Over the last decade, many employers expanded parental leave programs beyond compliance requirements and made them part of a broader recruiting and retention strategy.
Now, a growing number of those same employees who received unprecedented support during the transition into parenthood are entering a different stage of caregiving.
Roughly one in four U.S. adults is part of the “sandwich generation,” where prime working years coincide with the dual responsibilities of childcare and eldercare.1 For employees, that can mean years of ongoing pressure as they balance caregiving and professional responsibilities.

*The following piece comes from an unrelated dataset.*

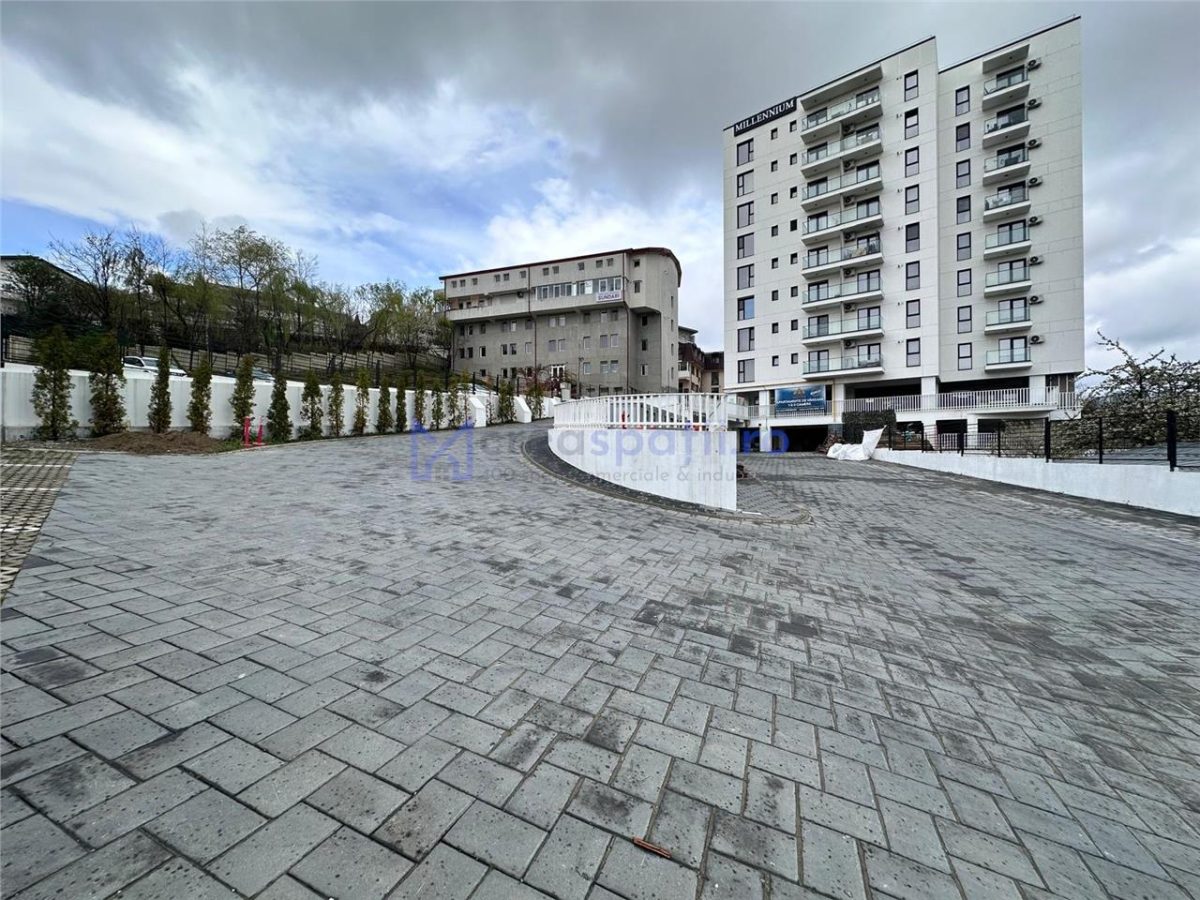 Spatiu comercial Iasi, Pacurari, de la 70mp la 523mp, Alpha Bank - foto 16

Family leave laws already allow employees to take time away to care for relatives under many circumstances. But as eldercare needs increase alongside an aging population, leave entitlements alone may not provide the support caregiving employees need to stay in the workforce. Employers may need to broaden offerings to include eldercare employee benefits and employer‑sponsored eldercare programs that go beyond leave.
Eldercare follows a different pattern than parental leave
While parental leave is triggered by a single event and follows a predictable timeline, eldercare is often intermittent and spread across years. That can make it harder for employers to predict, though in some cases easier to plan around.
Rather than extended periods of paid leave, employer support for eldercare may take the form of temporary flexibility, intermittent time off, or support systems that help employees stay at work even as caregiving responsibilities fluctuate.
The employee experience is different, too. The average age of first-time parents in the U.S. is roughly 27, while eldercare responsibilities often come into play later, as employees move into their peak career years.2 This means caregiving pressures often affect employees who hold management responsibilities, technical expertise, client relationships, or institutional knowledge employers cannot easily replace.
Leave laws don’t solve the entire problem
Family leave protections already cover a range of caregiving scenarios, but protected leave alone may not address the ongoing flexibility employees need as caregiving responsibilities intensify and ease over time.
Existing legal protections may also fall short when caregiving turns into bereavement; currently, Colorado is the only state with a standalone bereavement leave requirement.